Exclude the pictures, then repeat the remaining data exactly.

◇ ◇ ◇ ◇ ◇

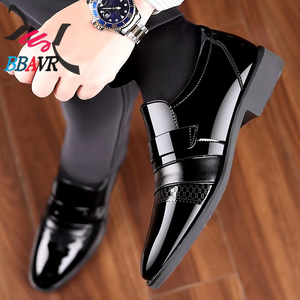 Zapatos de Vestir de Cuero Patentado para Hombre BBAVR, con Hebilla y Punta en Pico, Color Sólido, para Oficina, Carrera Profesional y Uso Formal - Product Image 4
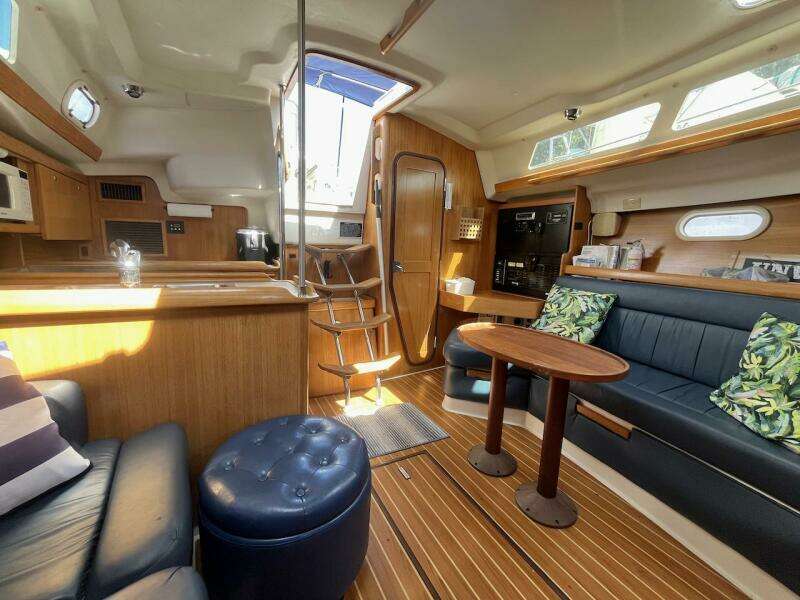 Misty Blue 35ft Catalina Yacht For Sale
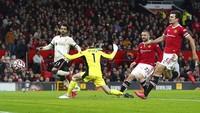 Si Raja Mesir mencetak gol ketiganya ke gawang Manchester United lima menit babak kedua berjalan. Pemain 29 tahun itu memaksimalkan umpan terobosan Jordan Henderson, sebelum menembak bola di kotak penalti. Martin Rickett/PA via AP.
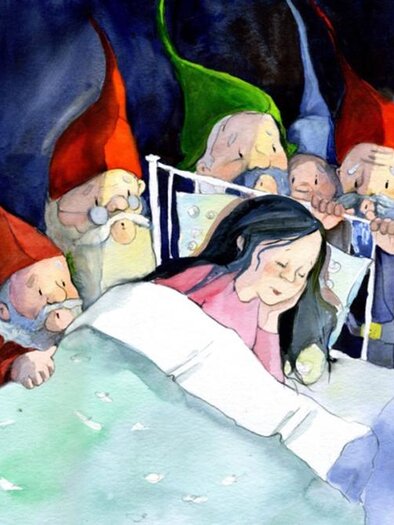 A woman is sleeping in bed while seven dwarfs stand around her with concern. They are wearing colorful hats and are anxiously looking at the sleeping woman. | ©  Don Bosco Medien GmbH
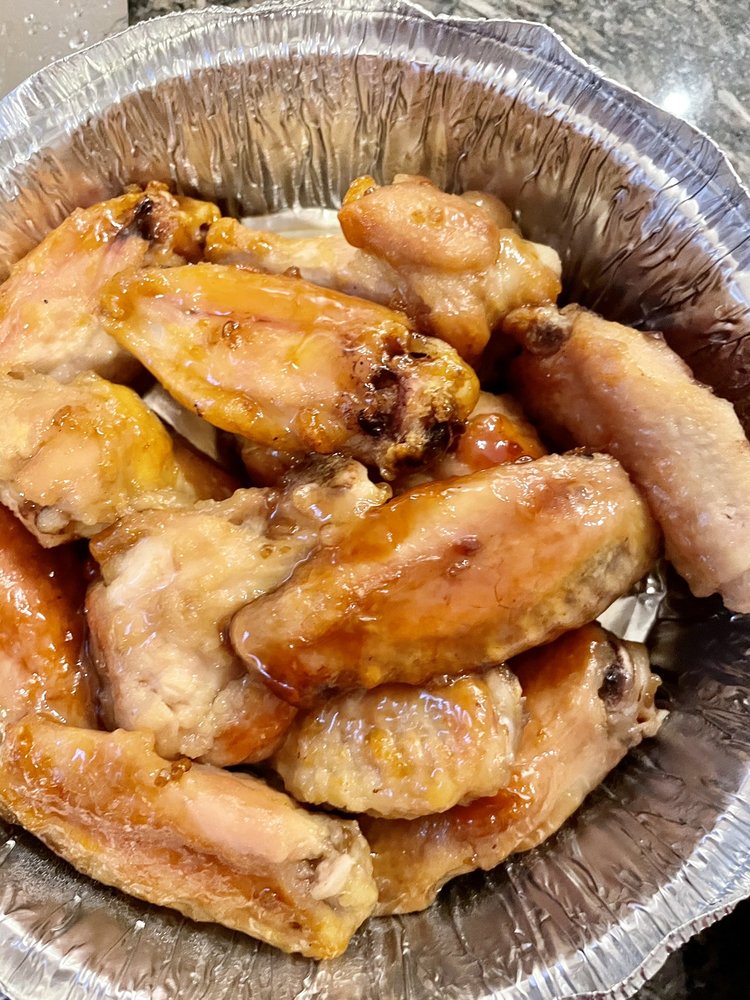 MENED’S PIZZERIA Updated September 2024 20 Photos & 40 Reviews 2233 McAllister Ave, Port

◇ ◇ ◇ ◇ ◇

**Solution**
 Zapatos de Vestir de Cuero Patentado para Hombre BBAVR, con Hebilla y Punta en Pico, Color Sólido, para Oficina, Carrera Profesional y Uso Formal - Product Image 4
 Misty Blue 35ft Catalina Yacht For Sale
 Si Raja Mesir mencetak gol ketiganya ke gawang Manchester United lima menit babak kedua berjalan. Pemain 29 tahun itu memaksimalkan umpan terobosan Jordan Henderson, sebelum menembak bola di kotak penalti. Martin Rickett/PA via AP.
 A woman is sleeping in bed while seven dwarfs stand around her with concern. They are wearing colorful hats and are anxiously looking at the sleeping woman. | ©  Don Bosco Medien GmbH
 MENED’S PIZZERIA Updated September 2024 20 Photos & 40 Reviews 2233 McAllister Ave, Port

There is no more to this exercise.